◆ **INFORMATION GIVEN**:
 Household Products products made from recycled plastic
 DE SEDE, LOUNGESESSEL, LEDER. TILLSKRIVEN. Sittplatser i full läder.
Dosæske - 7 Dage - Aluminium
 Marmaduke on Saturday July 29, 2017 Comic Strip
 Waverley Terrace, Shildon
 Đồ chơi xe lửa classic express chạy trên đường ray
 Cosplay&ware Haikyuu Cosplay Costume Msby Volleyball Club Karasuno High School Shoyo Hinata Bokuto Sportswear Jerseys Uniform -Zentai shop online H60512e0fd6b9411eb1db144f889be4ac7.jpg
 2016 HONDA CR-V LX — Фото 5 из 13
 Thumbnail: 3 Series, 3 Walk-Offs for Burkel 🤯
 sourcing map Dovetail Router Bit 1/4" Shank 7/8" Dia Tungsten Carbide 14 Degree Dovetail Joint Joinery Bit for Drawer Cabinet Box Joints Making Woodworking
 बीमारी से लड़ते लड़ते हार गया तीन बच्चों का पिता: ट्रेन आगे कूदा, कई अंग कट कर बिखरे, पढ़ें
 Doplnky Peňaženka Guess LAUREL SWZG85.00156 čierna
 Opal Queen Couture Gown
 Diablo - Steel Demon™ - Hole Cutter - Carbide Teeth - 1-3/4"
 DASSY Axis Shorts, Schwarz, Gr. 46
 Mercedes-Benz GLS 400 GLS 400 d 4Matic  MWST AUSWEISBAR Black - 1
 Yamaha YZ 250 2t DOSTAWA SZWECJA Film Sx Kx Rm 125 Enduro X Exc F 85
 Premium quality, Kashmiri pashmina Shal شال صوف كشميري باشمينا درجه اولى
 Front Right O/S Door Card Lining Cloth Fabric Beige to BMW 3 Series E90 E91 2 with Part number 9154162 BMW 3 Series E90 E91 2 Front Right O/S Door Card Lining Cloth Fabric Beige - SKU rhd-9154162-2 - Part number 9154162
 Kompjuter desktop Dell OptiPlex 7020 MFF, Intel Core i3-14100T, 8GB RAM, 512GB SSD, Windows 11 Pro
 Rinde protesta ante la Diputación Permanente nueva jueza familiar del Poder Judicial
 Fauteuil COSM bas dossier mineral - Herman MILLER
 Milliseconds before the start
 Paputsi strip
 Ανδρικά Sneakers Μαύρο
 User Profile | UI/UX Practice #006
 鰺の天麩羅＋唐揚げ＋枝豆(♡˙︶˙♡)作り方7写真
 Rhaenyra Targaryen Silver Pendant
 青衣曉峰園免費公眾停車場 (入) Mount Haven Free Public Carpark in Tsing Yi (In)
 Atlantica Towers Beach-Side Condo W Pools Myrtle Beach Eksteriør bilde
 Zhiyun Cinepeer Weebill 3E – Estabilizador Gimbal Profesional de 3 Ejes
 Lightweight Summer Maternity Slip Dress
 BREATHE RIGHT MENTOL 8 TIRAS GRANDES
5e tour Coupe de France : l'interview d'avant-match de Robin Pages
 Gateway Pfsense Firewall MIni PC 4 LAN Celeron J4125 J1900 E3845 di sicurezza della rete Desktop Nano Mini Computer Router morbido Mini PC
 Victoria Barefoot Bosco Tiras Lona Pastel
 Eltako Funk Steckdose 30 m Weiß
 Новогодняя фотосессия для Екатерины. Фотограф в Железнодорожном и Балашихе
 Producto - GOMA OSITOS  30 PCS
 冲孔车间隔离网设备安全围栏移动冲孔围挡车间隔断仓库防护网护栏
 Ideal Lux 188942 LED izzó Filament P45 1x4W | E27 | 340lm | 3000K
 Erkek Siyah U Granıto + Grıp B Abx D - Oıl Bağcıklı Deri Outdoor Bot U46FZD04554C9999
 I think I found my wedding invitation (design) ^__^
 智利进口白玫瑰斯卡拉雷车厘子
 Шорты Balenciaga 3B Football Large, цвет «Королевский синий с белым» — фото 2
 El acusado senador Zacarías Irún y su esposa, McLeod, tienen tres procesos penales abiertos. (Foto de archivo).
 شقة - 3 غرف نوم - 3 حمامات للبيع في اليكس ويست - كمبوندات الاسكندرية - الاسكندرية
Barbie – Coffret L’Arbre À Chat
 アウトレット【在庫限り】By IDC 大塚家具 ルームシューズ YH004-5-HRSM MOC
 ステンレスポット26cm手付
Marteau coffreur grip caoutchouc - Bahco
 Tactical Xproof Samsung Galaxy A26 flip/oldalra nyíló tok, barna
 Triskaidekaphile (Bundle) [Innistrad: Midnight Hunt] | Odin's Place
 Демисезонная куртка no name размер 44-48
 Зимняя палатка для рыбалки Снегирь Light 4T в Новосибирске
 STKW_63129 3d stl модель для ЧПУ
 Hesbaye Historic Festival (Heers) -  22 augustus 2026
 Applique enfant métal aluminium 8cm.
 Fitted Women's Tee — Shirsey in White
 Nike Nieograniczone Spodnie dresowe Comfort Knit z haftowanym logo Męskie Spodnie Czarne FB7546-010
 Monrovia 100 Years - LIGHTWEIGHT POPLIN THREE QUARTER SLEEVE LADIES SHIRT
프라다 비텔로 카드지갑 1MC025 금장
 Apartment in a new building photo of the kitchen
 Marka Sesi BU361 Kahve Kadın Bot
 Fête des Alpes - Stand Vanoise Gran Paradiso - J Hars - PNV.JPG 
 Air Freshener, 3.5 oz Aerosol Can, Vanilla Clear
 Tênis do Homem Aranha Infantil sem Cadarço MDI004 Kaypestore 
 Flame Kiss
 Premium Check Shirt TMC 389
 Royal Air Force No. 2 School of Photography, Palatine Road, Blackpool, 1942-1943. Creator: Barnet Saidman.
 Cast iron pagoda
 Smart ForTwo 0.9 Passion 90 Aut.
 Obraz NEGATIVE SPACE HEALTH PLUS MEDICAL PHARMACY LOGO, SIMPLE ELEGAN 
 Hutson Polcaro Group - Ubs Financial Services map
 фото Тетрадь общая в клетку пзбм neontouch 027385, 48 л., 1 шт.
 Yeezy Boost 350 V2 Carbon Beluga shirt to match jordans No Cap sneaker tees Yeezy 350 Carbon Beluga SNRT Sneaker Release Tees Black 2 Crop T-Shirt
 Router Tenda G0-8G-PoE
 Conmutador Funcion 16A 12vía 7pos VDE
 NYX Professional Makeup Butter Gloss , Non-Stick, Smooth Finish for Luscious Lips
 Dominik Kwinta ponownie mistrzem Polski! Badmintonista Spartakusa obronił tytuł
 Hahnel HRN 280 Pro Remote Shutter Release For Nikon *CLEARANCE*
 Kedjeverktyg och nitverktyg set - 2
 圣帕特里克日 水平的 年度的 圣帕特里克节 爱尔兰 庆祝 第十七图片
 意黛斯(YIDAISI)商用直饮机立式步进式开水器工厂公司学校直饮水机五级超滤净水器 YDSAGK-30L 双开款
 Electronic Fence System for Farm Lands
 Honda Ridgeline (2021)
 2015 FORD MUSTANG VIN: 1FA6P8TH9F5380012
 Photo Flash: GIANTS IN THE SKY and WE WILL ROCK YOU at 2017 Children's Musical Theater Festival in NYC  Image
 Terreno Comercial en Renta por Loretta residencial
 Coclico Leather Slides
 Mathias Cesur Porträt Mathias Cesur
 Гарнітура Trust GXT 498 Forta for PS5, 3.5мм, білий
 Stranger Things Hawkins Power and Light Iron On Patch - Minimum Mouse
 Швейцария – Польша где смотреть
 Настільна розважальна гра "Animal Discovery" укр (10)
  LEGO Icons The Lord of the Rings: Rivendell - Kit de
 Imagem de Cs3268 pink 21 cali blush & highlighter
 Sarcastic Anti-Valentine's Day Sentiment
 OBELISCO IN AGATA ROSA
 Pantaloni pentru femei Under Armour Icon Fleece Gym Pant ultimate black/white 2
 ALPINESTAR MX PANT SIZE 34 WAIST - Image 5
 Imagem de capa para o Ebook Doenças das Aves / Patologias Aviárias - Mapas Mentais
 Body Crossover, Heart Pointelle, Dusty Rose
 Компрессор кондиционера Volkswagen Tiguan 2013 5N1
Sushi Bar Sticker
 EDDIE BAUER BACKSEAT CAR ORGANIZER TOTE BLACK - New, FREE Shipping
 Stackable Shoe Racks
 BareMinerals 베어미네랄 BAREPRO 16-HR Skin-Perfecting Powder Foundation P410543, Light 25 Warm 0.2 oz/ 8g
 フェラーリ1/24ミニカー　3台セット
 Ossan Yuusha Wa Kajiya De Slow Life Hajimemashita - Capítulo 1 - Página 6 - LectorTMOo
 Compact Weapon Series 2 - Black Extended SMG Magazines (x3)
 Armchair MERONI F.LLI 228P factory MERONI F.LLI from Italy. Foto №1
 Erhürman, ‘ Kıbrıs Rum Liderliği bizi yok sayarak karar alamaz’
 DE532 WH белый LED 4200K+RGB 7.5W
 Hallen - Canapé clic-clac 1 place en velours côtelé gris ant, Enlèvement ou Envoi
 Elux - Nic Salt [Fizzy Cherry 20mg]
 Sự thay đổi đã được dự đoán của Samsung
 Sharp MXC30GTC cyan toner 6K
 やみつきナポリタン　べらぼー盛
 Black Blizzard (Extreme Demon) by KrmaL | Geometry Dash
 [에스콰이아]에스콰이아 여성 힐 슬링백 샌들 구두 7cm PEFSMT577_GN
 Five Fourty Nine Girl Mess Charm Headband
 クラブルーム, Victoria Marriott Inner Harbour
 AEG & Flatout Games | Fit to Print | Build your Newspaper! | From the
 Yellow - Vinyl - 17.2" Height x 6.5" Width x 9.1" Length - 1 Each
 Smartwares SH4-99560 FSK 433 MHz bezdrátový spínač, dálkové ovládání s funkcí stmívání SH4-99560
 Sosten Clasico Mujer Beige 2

◆ **ACTION ITEM**:
What is needed is an exact copy of the lines above, from the one containing "DE532 WH белый LED 4200K+RGB 7.5W" through the one containing "クラブルーム, Victoria Marriott Inner Harbour", with nothing added.

◆ **RESULT**:
 DE532 WH белый LED 4200K+RGB 7.5W
 Hallen - Canapé clic-clac 1 place en velours côtelé gris ant, Enlèvement ou Envoi
 Elux - Nic Salt [Fizzy Cherry 20mg]
 Sự thay đổi đã được dự đoán của Samsung
 Sharp MXC30GTC cyan toner 6K
 やみつきナポリタン　べらぼー盛
 Black Blizzard (Extreme Demon) by KrmaL | Geometry Dash
 [에스콰이아]에스콰이아 여성 힐 슬링백 샌들 구두 7cm PEFSMT577_GN
 Five Fourty Nine Girl Mess Charm Headband
 クラブルーム, Victoria Marriott Inner Harbour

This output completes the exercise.